The crisis in the western provinces of Cameroon comes as no surprise. For years it was known that the English speaking peoples in this area were dissatisfied and felt marginalised by the central government. This malcontent was known and it was feared that sooner or later it would explode.
Probably the central government in Yaounde underestimated the risk and, when it decided to act, its harshness unleashed an equally harsh reaction on the part of the local people. The result has been an increase in tension with clashes leaving many dead among both the English speaking citizens and the security forces.
To understand the crisis we must go back in time. The Berlin Conference in 1884 which divided Africa in areas of influence (and had in fact divided the continent between the European powers) and assigned Cameroon to Germany. The country had become a colony of the German Kaiser, like Namibia, Tanzania and Togo.
At the end of the Great War, Germany defeated, France and Great Britain, the victorious powers divided its colonies between themselves.
Cameroon was split in two. The western region was annexed to Nigeria ending up under British influence.
Wheras rest of the country became a French colony. This balance held until 1 January 1960 when French Cameroon gained independence from Paris. In the face of this independence , the English speaking part of Cameroon broke in two. One part remained with Nigeria, the other, with a referendum, chose to reunite with Cameroon. The annexation was based on an agreement which foresaw the creation of a federal state that would allow each of the two components of society to retain its own cultural and linguistic autonomy, but within the country’s unity.
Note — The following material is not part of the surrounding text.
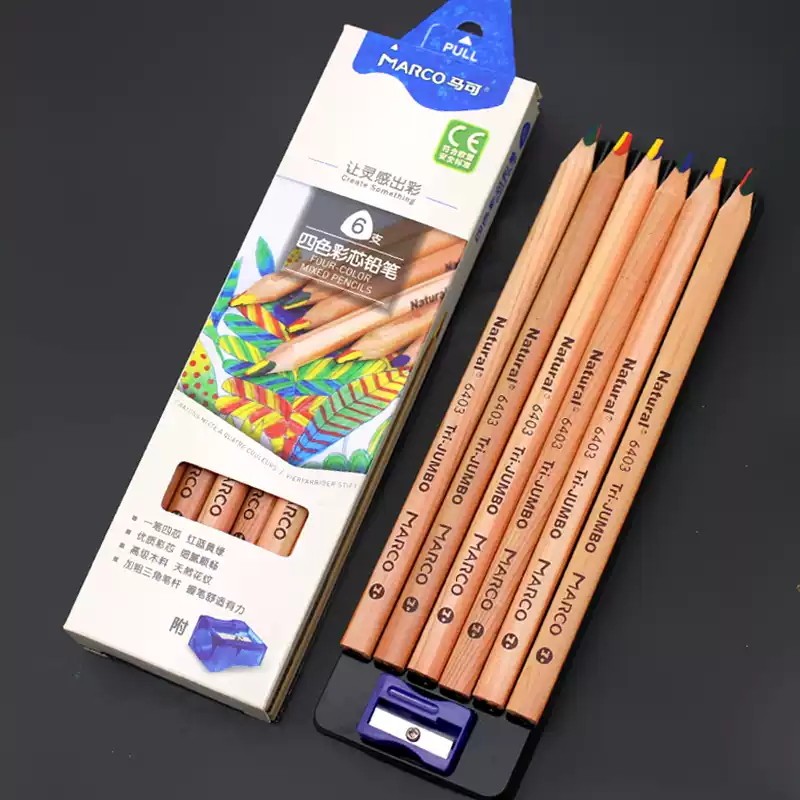 马可粗杆四色彩虹笔儿童手绘彩铅画笔涂色笔三角原木彩色铅笔,淘宝优惠券,粉丝福利购,淘宝优惠卷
And in fact in August 1961, the parliament in Yaoundé approved a federal Constitution which became effective in the September of the same year.
On paper it appeared that integration, or at least co-existence, was feasable. In actual fact, already in the first years after independence the central government began to pass policies of forced unification, centralization of the structures of power and forced assimilation. Policies which culminated in 1972 with the suppression of the federal system, and with it the birth of the United Republic of Cameroon which became in 1984, the Republic of Cameroon.
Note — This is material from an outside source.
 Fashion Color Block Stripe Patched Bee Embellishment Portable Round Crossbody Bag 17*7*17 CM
The annexation process continued and the English speaking citizens felt increasingly marginalised. With time many areas of their autonomy were eroded. And they succeeded in maintaining a certain degree of independence from Yaounde only in educational and juridical matters . In schools English continued to be taught and the courts applied a system of law similar to the British method. An ulterior blow to English speaking autonomy came in October 2016. The government sends a few French speaking teachers to the English speaking provinces and decides to curtail common law.
Strong protests ensue, repressed by just as strong reaction from the police. “President Paul Biya, who has led the country for 35 years, is unaccustomed to dialogue – we are told by Fr Ludovic Lado, a Cameroonian Jesuit and political analyst -, responded to the protest by sending police and army reinforcements. This led to a ferocious repression which, in many cases, exploded in open violation of human rights. Leading members of the English speaking community were sacked suspected of backing the protesters. Some of them were arrested and taken to Yaounde, to be tried on the basis on anti-terrorism laws”.
To respond to the iron fist method a separatist movement was formed and in recent months has become radicalised, polarising further the English speaking and French speaking positions. The grievances of the English speaking citizens are no longer limited to the educational and judicial systems, instead they have gone further to the point of declaring autonomy on 1 October on the part of English speaking regions and the establishment of the Republic of Ambazonia.
A republic which, at the moment is still only on paper. However protests have been intense and the reaction of the security forces even stronger. Tens of people have been killed.
The Yaounde authorities (Cameroon) have issued international warrants of arrest for the fifteen leaders of an English speaking separatist party, the South Cameroon National Council.
According to a local web site, Sisiku Ayuk Tabe, self-proclaimed president of the autonomous region, is among the wanted persons.
In a statement released at the beginning of October , Zeid Ra’ad Al Hussein, United Nations Comissioner for Human Rights, expressed concern about the reaction with which the government handled the peaceful demonstrations of the English speakers. He has asked for an independent inquiry to investigate the number of dead. “We urge the authorities to ensure that the police force prevents the use of force on the part of its officers– he added -. People must be able to exercise their right to assembly peacefully and speak out freely, also through uninterrupted access to the internet”.
The government has in fact blocked the flow of information, restricting or in some cases preventing access to the social networks (Facebook, Twitter, WhatsApp, etc.). Following the Arab Spring, social networks played a fundamental role in transmitting the password of every revolt . Yaounde, like many African governments, decided to block the server fearing that demonstrations might find a sounding board. Members of the government themselves admitted that the block was ordered to prevent social media from being used “actively to transmit false information to incite members of the public against the state institutions”.
However, what was intended as a temporary measure became permanent. Both provinces are isolated from the social network. The United Nations defined the move an act which tramples the right of freedom of expression. “These restrictions – a UN reports affirms – must cease immediately and the government must guarantee in-depth, impartial and independent inquiry regarding all the accusations of violation of human rights perpetrated during and after the events of 1 October. The government must adopt efficacious measures to pursue and punish all those responsible for these acts of violation”. Condemnation of the violence came also from the African Union, the European Union and the United States of America.
In the face of tension in the English speaking regions the Catholic bishops of the province of Bamenda denounce ‘genocide’ and ‘ethnic cleansing’ on the part of the authorities. The local bishops point the finger at the government for in their opinion, “irresponsible use of firearms against disarmed civilians”. “Our people – the Bishops say – have been chased into their homes, some have been arrested, other mutilated and others still beaten to death. We voice our grief for the dead, for the sufferings of the wounded, for those who have lost their homes because of looting and torching and for those concerned about their loved ones who are dispersed or kidnapped”.
Strong words are to be found also in a statement issued by the Catholic Bishops’ Conference of Cameroon. “No one has the right to kill – We denounce the violence used and we do so with all our energies”. However according to the Bishops of Cameroon, the solution is not secession, but instead greater attention for the diversity which exists in the country. « Cameroon – says archbishop Samuel Kleda of Duala – has a population of 23 million and some people want to create two different states. But many Cameroonians think this is not the solution. There is a situation of injustices which must be addressed by means of dialogue “.
According to Ludovic Lado, the solution to the crisis must be found in international dialogue with international mediation working for a decentralisation of the structures of government. «There is also need of a change of leadership –Lado observes -. The lengthy regime of Biya (35 anni) and its policies are part of the problem in the English speaking provinces. The solution, or part of it, could come from resignation at the end of the mandate (2018). Free elections could favour a renewal of the political class. If he clings to his position, there is a risk of greater tension and more violence ».